Puis la caméra nous révèle l'existence d'une autre personne, un homme seul, Gabriele (Marcello Mastroianni) écrivant à son bureau, dont on ne sait pas forcément au départ qu'il habite le même immeuble. Ce n'est que la fuite momentanée du mainate d'Antonietta que ce détail nous est révélé, cette dernière allant frapper à sa porte pour atteindre l'oiseau posé sur le rebord d'une fenêtre. L'oiseau remis dans sa cage, la relation entre cet homme et cette femme dont à priori rien ne prédisposait à se rencontrer peut commencer. Les deux personnages tomberont petit à petit leur masque, elle lui révélant qu'elle supporte un mari volage qui va la quitter bientôt pour une autre femme plus instruite qu'elle et assumant des maternités répétées et voulues par cet homme dans le seul but de plaire au régime, lui commençant par se faire passer pour un animateur de la radio pour finalement lui avouer un travail minable de plumitif et son licenciement pour homosexualité. Ils finiront, à l’initiative d' Antonietta, par avoir une relation intime que Gabiele n'aura pas le courage de lui refuser. Si elle rend Antonietta heureuse temporairement, elle laisse Gabriele songeur et finalement malheureux mais faire l'amour avec lui a été une fête quand ce n'est plus qu'un devoir avec son mari.

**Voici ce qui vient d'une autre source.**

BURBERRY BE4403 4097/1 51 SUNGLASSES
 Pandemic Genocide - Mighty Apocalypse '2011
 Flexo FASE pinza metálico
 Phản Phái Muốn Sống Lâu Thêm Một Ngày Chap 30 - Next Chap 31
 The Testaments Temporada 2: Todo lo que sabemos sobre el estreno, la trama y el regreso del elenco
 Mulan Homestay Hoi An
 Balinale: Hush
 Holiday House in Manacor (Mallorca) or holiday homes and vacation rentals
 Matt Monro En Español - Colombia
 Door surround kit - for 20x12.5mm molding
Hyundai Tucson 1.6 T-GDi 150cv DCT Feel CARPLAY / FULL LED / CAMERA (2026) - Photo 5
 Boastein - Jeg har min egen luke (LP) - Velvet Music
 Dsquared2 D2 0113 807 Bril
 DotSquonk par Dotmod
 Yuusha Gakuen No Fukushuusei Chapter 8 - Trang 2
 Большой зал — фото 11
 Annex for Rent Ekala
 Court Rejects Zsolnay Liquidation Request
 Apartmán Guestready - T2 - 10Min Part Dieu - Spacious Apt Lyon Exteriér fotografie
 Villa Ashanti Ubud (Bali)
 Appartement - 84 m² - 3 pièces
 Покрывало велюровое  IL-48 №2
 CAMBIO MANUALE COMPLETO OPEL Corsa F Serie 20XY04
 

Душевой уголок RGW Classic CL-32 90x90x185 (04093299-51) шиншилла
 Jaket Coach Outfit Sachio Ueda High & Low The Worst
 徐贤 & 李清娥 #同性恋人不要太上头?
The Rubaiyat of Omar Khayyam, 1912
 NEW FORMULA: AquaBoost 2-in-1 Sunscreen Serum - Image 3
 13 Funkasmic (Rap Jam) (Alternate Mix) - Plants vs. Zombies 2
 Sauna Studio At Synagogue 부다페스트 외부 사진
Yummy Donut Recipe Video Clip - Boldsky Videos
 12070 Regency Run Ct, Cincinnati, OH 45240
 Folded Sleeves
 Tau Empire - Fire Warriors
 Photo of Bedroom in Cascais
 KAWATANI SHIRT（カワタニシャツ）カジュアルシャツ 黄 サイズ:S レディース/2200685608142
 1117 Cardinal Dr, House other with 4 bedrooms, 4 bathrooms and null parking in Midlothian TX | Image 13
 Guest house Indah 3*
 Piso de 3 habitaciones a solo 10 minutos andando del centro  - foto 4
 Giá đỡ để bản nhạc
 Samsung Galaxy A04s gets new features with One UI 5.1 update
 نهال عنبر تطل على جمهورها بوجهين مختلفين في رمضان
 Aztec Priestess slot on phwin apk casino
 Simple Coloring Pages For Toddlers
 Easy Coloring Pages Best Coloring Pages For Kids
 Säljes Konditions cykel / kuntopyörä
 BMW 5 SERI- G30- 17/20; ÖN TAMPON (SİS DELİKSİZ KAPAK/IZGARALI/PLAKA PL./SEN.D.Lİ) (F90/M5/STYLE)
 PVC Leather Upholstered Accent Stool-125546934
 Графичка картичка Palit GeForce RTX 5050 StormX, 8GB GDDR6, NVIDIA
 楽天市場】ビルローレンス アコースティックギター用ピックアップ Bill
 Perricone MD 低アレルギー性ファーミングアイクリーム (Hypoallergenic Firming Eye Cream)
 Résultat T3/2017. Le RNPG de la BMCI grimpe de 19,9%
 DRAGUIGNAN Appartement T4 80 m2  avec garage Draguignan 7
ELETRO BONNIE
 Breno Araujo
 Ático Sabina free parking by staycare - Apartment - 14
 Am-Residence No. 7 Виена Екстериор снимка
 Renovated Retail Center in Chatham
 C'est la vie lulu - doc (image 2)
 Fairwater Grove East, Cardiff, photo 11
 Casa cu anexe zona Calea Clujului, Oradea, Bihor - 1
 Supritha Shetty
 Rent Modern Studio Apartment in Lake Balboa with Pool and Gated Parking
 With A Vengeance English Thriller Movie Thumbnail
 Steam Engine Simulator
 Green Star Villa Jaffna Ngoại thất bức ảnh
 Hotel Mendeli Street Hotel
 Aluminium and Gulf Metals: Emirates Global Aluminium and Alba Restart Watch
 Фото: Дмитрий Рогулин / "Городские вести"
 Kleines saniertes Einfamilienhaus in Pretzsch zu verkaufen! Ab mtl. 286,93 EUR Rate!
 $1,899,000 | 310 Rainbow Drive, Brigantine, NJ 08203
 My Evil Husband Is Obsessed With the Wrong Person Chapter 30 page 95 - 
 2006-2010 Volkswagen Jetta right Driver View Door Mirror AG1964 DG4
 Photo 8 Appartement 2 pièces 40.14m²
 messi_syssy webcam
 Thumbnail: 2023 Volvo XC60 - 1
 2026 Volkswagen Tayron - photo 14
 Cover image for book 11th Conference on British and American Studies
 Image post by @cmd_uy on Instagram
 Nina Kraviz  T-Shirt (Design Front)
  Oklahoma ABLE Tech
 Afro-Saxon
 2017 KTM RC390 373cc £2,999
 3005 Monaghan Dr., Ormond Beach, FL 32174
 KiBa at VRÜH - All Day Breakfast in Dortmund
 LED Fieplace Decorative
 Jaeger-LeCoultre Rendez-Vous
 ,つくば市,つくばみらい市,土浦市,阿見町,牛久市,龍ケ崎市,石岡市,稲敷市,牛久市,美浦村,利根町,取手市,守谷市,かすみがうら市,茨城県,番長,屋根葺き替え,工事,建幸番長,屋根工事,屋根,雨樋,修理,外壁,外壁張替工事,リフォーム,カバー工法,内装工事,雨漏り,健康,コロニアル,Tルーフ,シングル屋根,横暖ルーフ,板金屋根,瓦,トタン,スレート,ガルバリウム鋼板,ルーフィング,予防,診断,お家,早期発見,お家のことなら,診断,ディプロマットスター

Ce film m'a ému, non pas tant parce que les deux acteurs principaux sont mis en scène à contre-emploi, Sophia Loren incarnant une femme vieillie, introvertie et timide et Mastrioanni un homosexuel désespéré, pas non plus parce que le film met en évidence deux solitudes qui ne se seront rencontrées que l'espace d'une journée et ne se croiseront jamais plus, pas davantage parce que l'homosexualité est réprimée par le fascisme d'une manière odieuse et inadmissible puisqu'elle ne représente pas une menace pour le régime mais pour bien autre chose. Ce n'est même pas la mélancolie qui ressort de ces images en noir et blanc, le décor triste d'un appartement sans luxe ou d'une terrasse où sèche du linge usagé. Ce n'est pas non plus le malheur que traîne chacun des deux acteurs jusque sur leur visage et leur intense tristesse quand Gabriele est emmené en exil et qu'Antonietta qui sait ce que le régime lui réserve le voit partir. On peut à ce moment-là penser que les choses vont reprendre leur cours normal, qu' Antonietta va continuer à obéir aux ordres de son mari, « le jour comme la nuit », que l'appartement de Gabriele sera occupé par un autre fonctionnaire du régime... Ce qui me frappe c'est qu'à ce moment-là précisément, ces deux êtres si dissemblables, elle qui est si inféodée au fascisme qu'elle accepte son rôle de femme soumise à son mari, uniquement destinée à mettre des enfants au monde, lui qui, un peu malgré lui, fait allégeance au Duce qui glorifie l'homme viril et exclut les marginaux, ont l'intuition de la mort, l'acceptent comme une délivrance, Antonietta parce qu'elle est persuadée qu'elle ne rencontrera plus jamais l'amour, Gabriele parce qu'il part pour un voyage qui sera sans doute sans retour.